You can also pass in a string as LearningData if you wish to keep it in a central place and have it available to all robots without needing to write it on disk first :slight_smile:

Have a great day,

Ioana

1 Like

Hi Iona - This is helpful info. The GitHub process code sample link doesn’t seem to work. Can you provide a new location for it? My company is looking to use the new intelligent OCR tools but the extractors are very limited at this point. The UiPath ML models built so far (invoices and contracts) likely won’t work for our large array of formats. Will there be a Studio Tool to build these ICR extractors ourselves eventually, based on our specific use-cases and formats? For now, I’d like to try creating an extractor specific to my scenario that is compatible with the Extractor Scope and Training Activities.

Hello @abetts2114,

Please try accessing the GitHub repo again, there were some permission issues a few days ago.
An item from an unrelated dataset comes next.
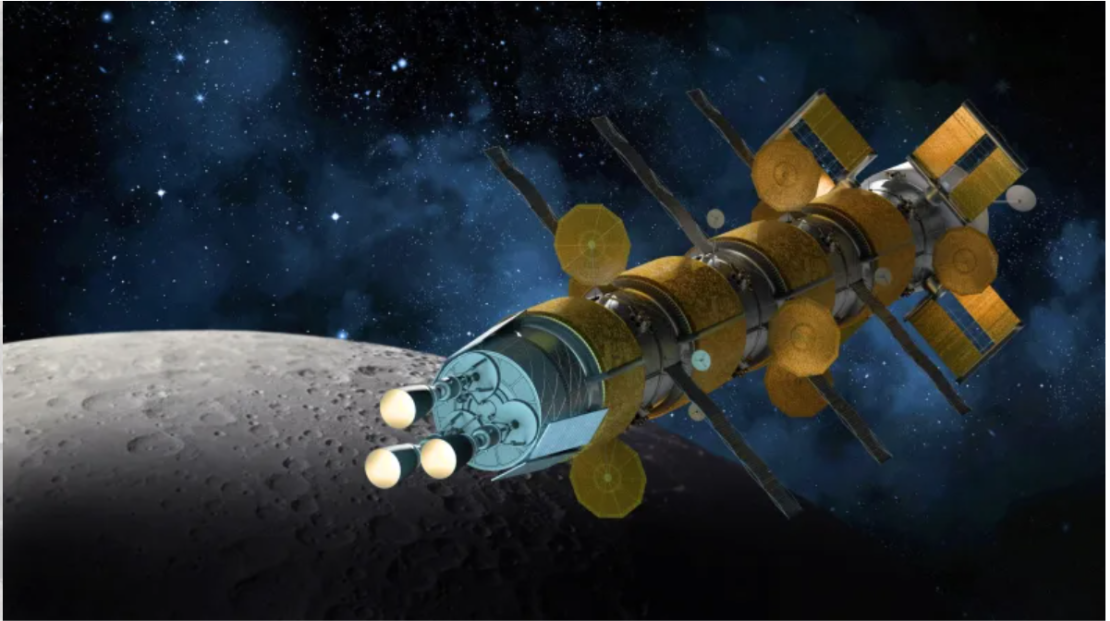 La NASA también trabaja en la propulsión nuclear espacial, pero utilizando fisión en lugar de fusión. La fisión ya se realiza de forma rutinaria en la Tierra en centrales nucleares, y la NASA afirma que puede lograr cohetes tres veces o más eficientes que la propulsión química, como se muestra en esta impresión artística.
Also, yes indeed, we will soon be releasing an on-prem machine learning model that you will be able to install on your own machines and train on whatever fields you need, and on whatever document types you need.

Please let me know how building your own extractor works for you - any feedback would be welcome!

1 Like

Hi @Ioana_Gligan

We are glad to hear of this on-prem machine learning algo that will arrive soon. Can’t wait, it would be a massive help with a few of our clients.

Kind regards,

Balint

1 Like